Revisiting pg_dump data ordering

Many, MANY years ago - more than I would like to admit - I was one of the people answering this particular Stack Overflow question about the order of data in the output of pg_dump.

In my answer I was pointing out then-recent patch to pg_dump that was providing the --ordered param that would cause dumping of the table data in a deterministic order, instead of reflecting the current on-disk structure of the table.

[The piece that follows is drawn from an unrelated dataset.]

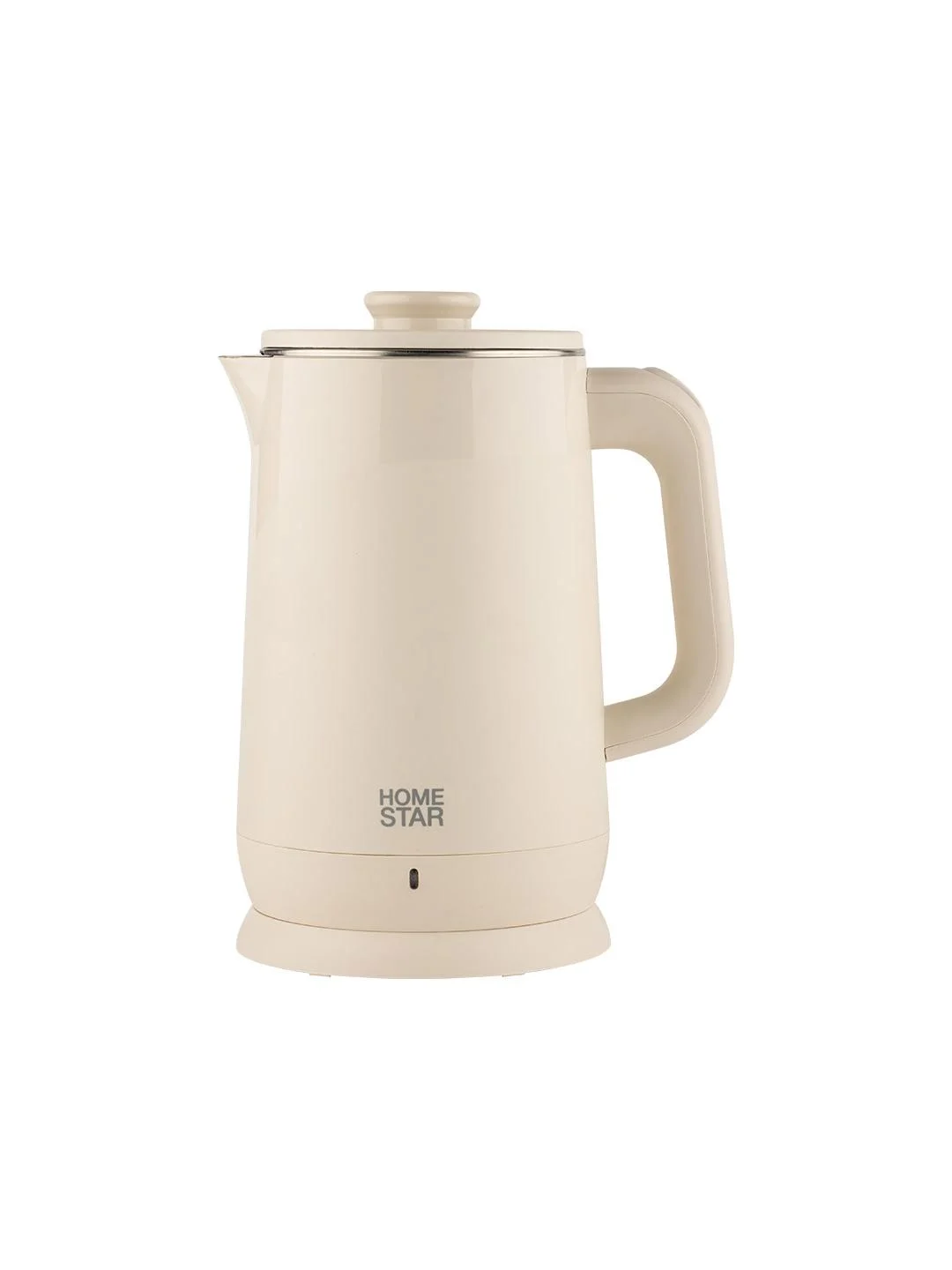 Чайник электрический HomeStar HS-1006 1.8 л, бежевый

That patch did not gain enough traction and was not accepted into the code base. And as far as I can see, no addition of this kind was made since then.

I'm revisiting this topic today by accident. But, by a funny coincidence, tomorrow, to the day, is the anniversary of that Stack Overflow answer, and, by another coincidence, I could have recalled this just a few weeks ago, when I was testing PostgreSQL instance migration (and comparing two pg_dump outputs - dealing with this exact ordering issue).

So just as a quick reminder and a demonstration - if we run this...

psql -tAc "select version()"

# Enter test data
psql -c "drop table if exists test; create table test (a int); insert into test (a) values (1), (2)"

# Compare two dumps
echo "-- diff 1 --"
diff <(pg_dump) <(pg_dump)

# Compare two dumps after updating the first tuple
BEFORE="$(pg_dump)"
psql -c "update test set a = 1 where a = 1"
echo "-- diff 2 --"
diff -c1  <(echo "$BEFORE") <(pg_dump)

... the result will be:

PostgreSQL 17.5 on x86_64-pc-linux-gnu, compiled by gcc (Debian 12.2.0-14+deb12u1) 12.2.0, 64-bit
DROP TABLE
CREATE TABLE
INSERT 0 2
-- diff 1 --
UPDATE 1
-- diff 2 --
*** /dev/fd/63  Sat Aug  9 13:57:57 2025
--- /dev/fd/62  Sat Aug  9 13:57:57 2025
***************
*** 39,42 ****
  COPY public.test (a) FROM stdin;
- 1
  2
  \.
--- 39,42 ----
  COPY public.test (a) FROM stdin;
  2
+ 1
  \.
***************
*** 47 ****
--- 47,48 ----
  --
+

The UPDATE of the row with "1" caused its tuple to now be located after the one with row containing "2", and our pg_dump output changed accordingly.

As a side note: here we also see that an UPDATE that does not change the actual row values is still generating a new physical tuple. This is worth knowing on its own.

For my recent use case, comparing pg_dump outputs was just an extra sanity check of the migration process, so simply sorting the output files themselves, and getting empty diff as a result, was good enough.